I used Judy Butter in the little cavity of the wipers. It's the upper portion of the wipers that dries out after the fine dust of NorCal works its magic.


----------



## kan3 (Nov 11, 2009)

In regards to motorcycle forks, the most common reason for seals leaking seem to be water spots. Either from riding or washing and not cleaning the sliders afterwards. 

I'm going to assume that proper cleaning of water spots off the sliders on bicycle should also be a concern as well. However, I don't ever see this recommendation made.


----------



## STT GUY (May 19, 2009)

The 50 hour service interval for a fork and shock is unrealistic. I'd be doing a fork and shork service every month, maybe every three weeks. 

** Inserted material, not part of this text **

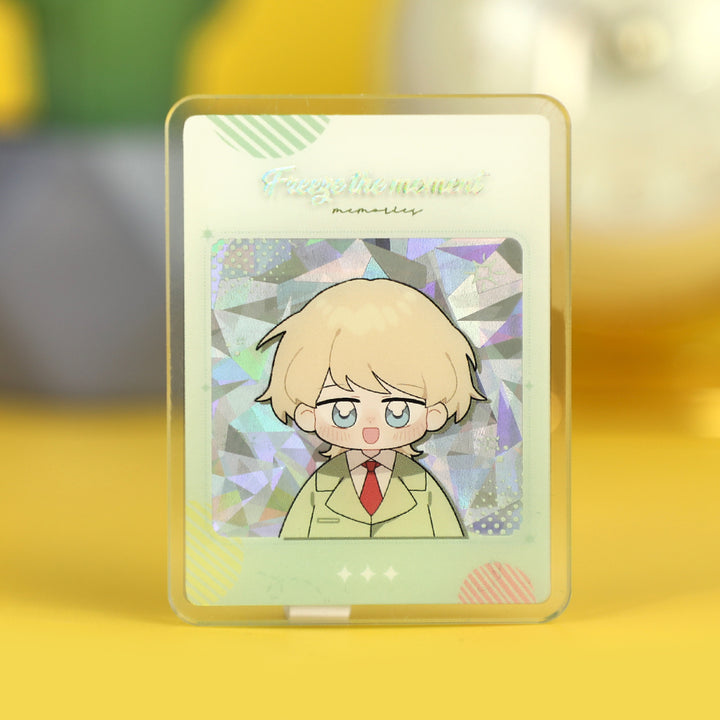 Custom Cold Foil Stamping Glitter Holographic Acrylic Pins - VOGRACE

I clean my fork and shock as carefully as possible, lube the clean shaft with Teflon lube weekly ( a little goes a long way) prior to riding and everything is good. 

For forks, I service them about every six months, ditto for a shock. That equals over 200 hours of riding time. My stuff performs ok and the fluid is used but not crazy dirty and no unusual wear has been noted.


----------



## bad mechanic (Jun 21, 2006)

STT GUY said:


> The 50 hour service interval for a fork and shock is unrealistic. I'd be doing a fork and shork service every month, maybe every three weeks.
> 
> I clean my fork and shock as carefully as possible, lube the clean shaft with Teflon lube weekly ( a little goes a long way) prior to riding and everything is good.
> 
> For forks, I service them about every six months, ditto for a shock. That equals over 200 hours of riding time. My stuff performs ok and the fluid is used but not crazy dirty and no unusual wear has been noted.


Servicing your equipment once a month isn't unreasonable considering how little time it takes and how cheap it is. Especially extending the service interval to 200 hours is seriously rolling the dice. Personally, I wouldn't risk a $1,000+ worth of suspension components because I can't spare 20 minutes once a month.


----------



## STT GUY (May 19, 2009)

bad mechanic said:


> Servicing your equipment once a month isn't unreasonable considering how little time it takes and how cheap it is. Especially extending the service interval to 200 hours is seriously rolling the dice. Personally, I wouldn't risk a $1,000+ worth of suspension components because I can't spare 20 minutes once a month.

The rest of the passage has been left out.